That was good. Tree that true nobody needs to ask you.


----------



## BERG (Dec 4, 2007)

So, what opinion do you have to today Tree? Now that you're going to turn 40 on Wednesday, what words of archery wisdom can you impart for us to live by?


----------



## Treehugnhuntr (Sep 7, 2007)

Keep your finger behind the trigger, your nose will thank you.


----------



## BERG (Dec 4, 2007)

Treehugnhuntr said:


> Keep your finger behind the trigger, your nose will thank you.


 :lol: Thank you. I'm at a loss for words. That is a very good opinion.

Blade just called. Lunch tomorrow in Centerville, then a vist to WA for some new sticks and tune.
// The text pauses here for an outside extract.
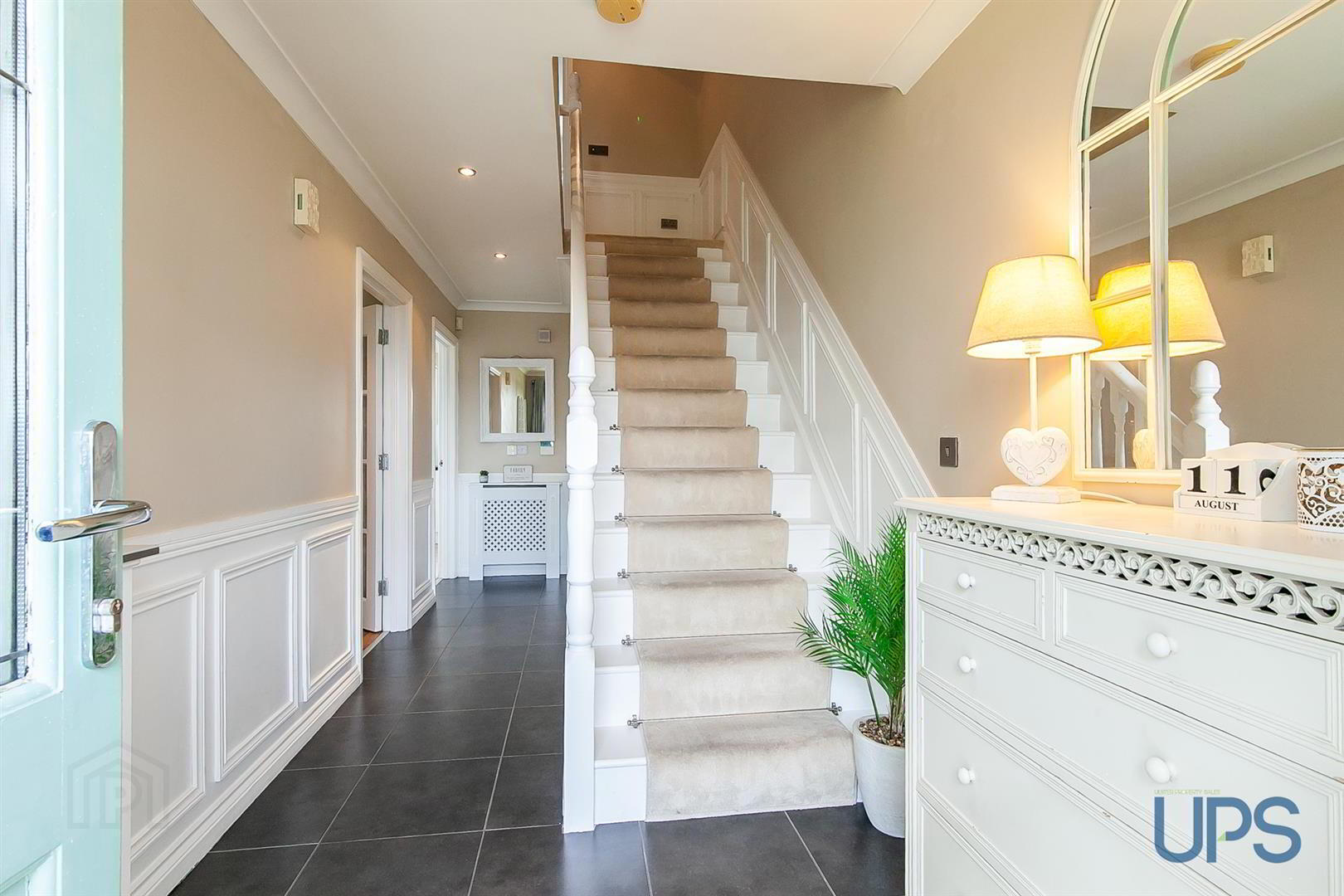 10 Lagmore View Way 13 of 28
Meeting at about 1:30 for anyone else who might want to join us.


----------



## dkhntrdstn (Sep 7, 2007)

Treehugnhuntr said:


> Keep your finger behind the trigger, your nose will thank you.
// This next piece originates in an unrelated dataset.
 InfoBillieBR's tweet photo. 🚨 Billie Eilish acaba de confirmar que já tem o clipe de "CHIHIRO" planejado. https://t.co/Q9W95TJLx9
Thats very good vise there.


----------



## fixed blade XC-3 (Sep 11, 2007)

dkhntrdstn said:


> Treehugnhuntr said:
> 
> 
> > Keep your finger behind the trigger, your nose will thank you.
> ...


That's the best _vise_ I've ever heard. :lol: Also your lip will thank you. I've punched my self so hard in the face I wanted to cry.  Stupid string loop broke. **** Hoyt string. :mrgreen:


----------



## dkhntrdstn (Sep 7, 2007)

fixed blade said:


> dkhntrdstn said:
> 
> 
> > Treehugnhuntr said:
> ...


O come on fix dont blam the hoyt loop string we all know it was the Alcohol that made that happen. :lol:


----------



## BERG (Dec 4, 2007)

fixed blade said:


> dkhntrdstn said:
> 
> 
> > Treehugnhuntr said:
> ...


 -_O- That's funny Blade.

I once shot Tree's house. It was an accident.


----------



## dkhntrdstn (Sep 7, 2007)

BERG said:


> fixed blade said:
> 
> 
> > dkhntrdstn said:
> ...


 :lol: oooooooooooopppppppppppppppppps


----------